• _Recorded information_
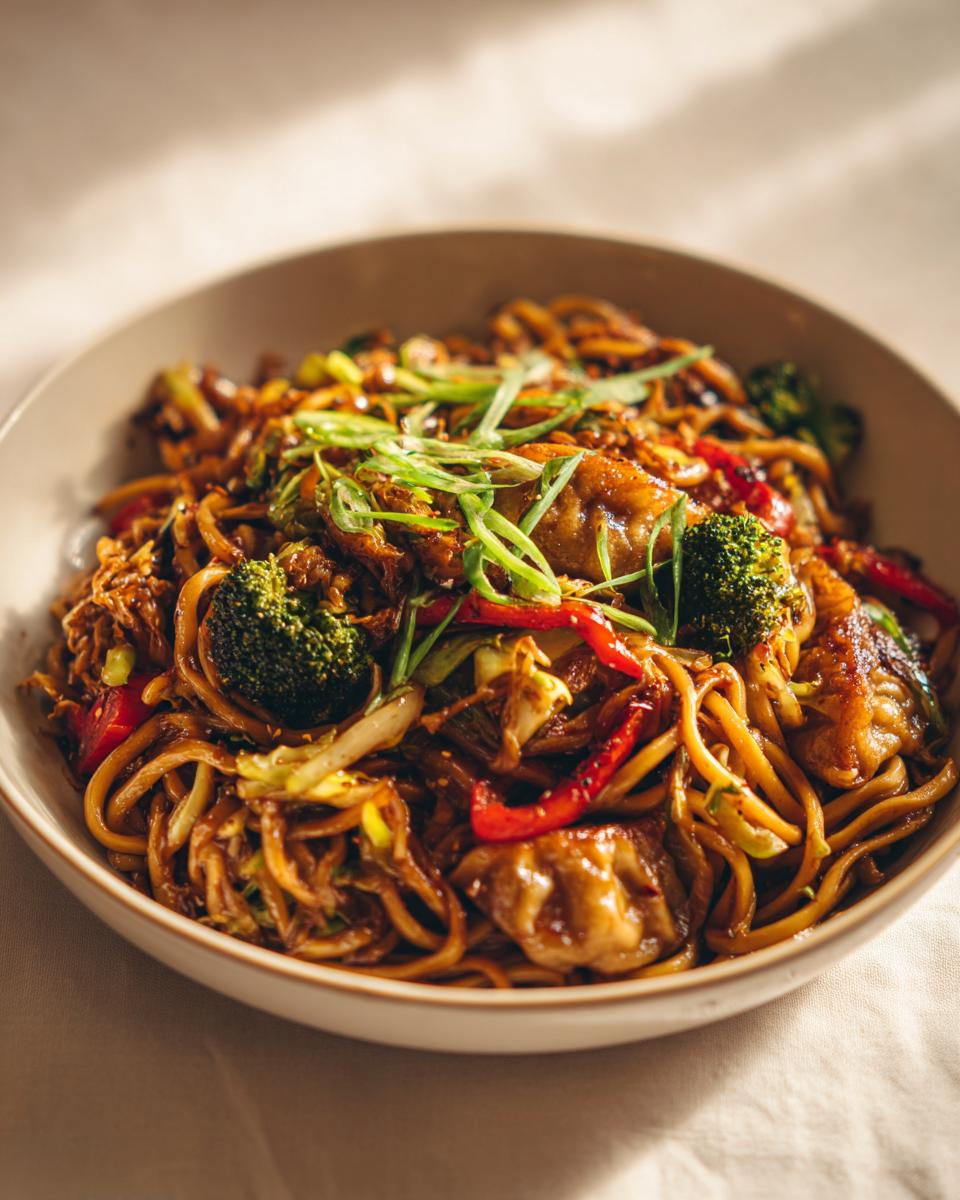 A bowl of potsticker stir fry with noodles, broccoli, red peppers, and green onions.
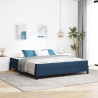 Cama tipo Box Spring con colchón Azul 180 x 200 cm tela 1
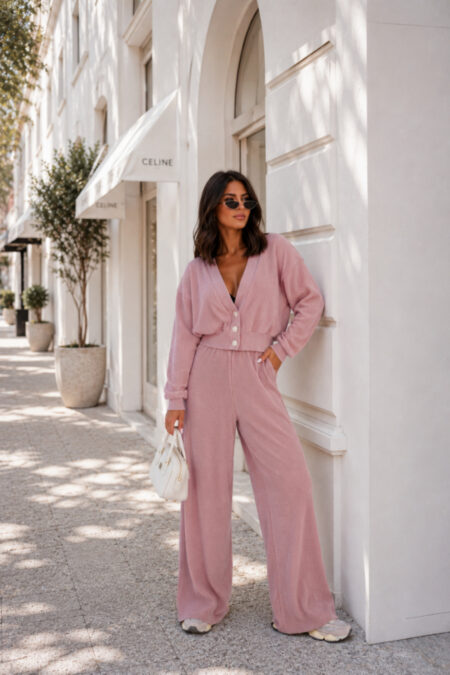 Spodnie Komplet Model Meggi Sztruks 616864312 Powder Pink - LaBalancia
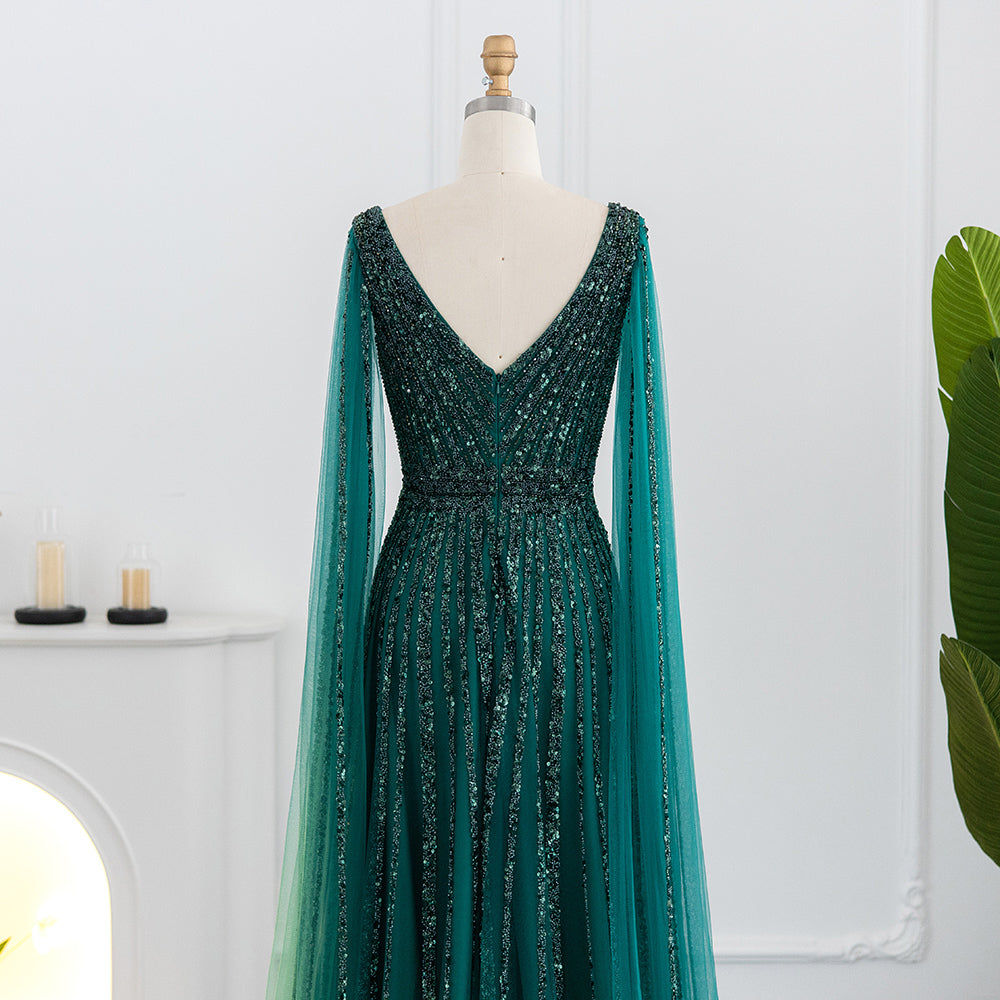 Luxury Beaded Nude Evening Dress with Cape Sleeves SS322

• _Task brief_
Beginning with the line that holds "Cama tipo Box", write out exactly the lines down to the end of the material above, and no others. Pictures are not part of the copy.

• _Exercise solution_
 Cama tipo Box Spring con colchón Azul 180 x 200 cm tela 1
 Spodnie Komplet Model Meggi Sztruks 616864312 Powder Pink - LaBalancia
 Luxury Beaded Nude Evening Dress with Cape Sleeves SS322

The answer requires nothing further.